Radar

A radar display. The light radial band shows the azimuth direction in which the microwave beam is currently transmitted and received. (Not all radar displays show this band.)
The term radar is derived from the words radio detection and ranging. Electromagnetic (EM) waves having certain frequencies reflect from various objects, especially if those objects contain metals or other good electrical conductors. By ascertaining the direction(s) from which radio signals are returned, and by measuring the time it takes for a pulsed beam of EM energy to travel from the transmitter location to a target and back again, it is possible to pinpoint the geographic positions of distant objects. During the Second World War in the 1940s, this property of radio waves was put to use for the purpose of locating aircraft.

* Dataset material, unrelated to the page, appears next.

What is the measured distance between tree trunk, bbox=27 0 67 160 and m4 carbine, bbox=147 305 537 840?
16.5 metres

In the years following the war, it was discovered that radar can be useful in a variety of applications, such as measurement of automobile speed (by the police), weather forecasting (rain and snow reflect radar signals), and even the mapping of the moon and the planet Venus. Radar is extensively used in aviation, both commercial and military. In recent years, radar has also found uses in robot guidance systems.

A complete radar set consists of a transmitter, a directional antenna with a narrow main lobe and high gain, a receiver, and an indicator or display. The transmitter produces intense pulses of radio microwaves at short intervals. The pulses are propagated outward in a narrow beam from the antenna, and they strike objects at various distances. The reflected signals, or echoes, are picked up by the antenna shortly after the pulse is transmitted. The farther away the reflecting object, or target, the longer the time before the echo is received. The transmitting antenna is rotated so that all azimuth bearings (compass directions) can be observed.

A typical circular radar display consists of a CRT or LCD. Above figure shows the basic display configuration. The observing station is at the center of the display. Azimuth bearings are indicated in degrees clockwise from true north, and are marked around the perimeter of the screen. The distance, or range, is indicated by the radial displacement of the echo; the farther away the target, the farther from the display center the echo or blip. The radar display is, therefore, a set of polar coordinates. In the drawing, a target is shown at an azimuth of about 125° (east-southeast). Its range is near the maximum for the display.

The maximum range of a radar system depends on the height of the antenna above the ground, the nature of the terrain in the area, the transmitter output power and antenna gain, the receiver sensitivity, and the weather conditions in the vicinity. Airborne long-range radar can detect echoes from several hundred kilometers (km) away under ideal conditions. A low-power radar system, with the antenna at a low height above the ground, might receive echoes from only 50 to 70 km.

The fact that precipitation reflects radar echoes is a nuisance to aviation personnel, but it is invaluable for weather forecasting and observation. Radar has made it possible to detect and track severe thunderstorms and hurricanes. A mesocyclone, which is a severe thunderstorm likely to produce tornadoes, causes a hook-shaped echo on radar. The eye of a hurricane, and the eyewall and rainbands surrounding it, all show up clearly on a radar display.

Some radar sets can detect changes in the frequency of the returned pulse, thereby allowing measurement of wind speeds in hurricanes and tornadoes. This is called Doppler radar. This type of radar is also employed to measure the speeds of approaching or receding targets.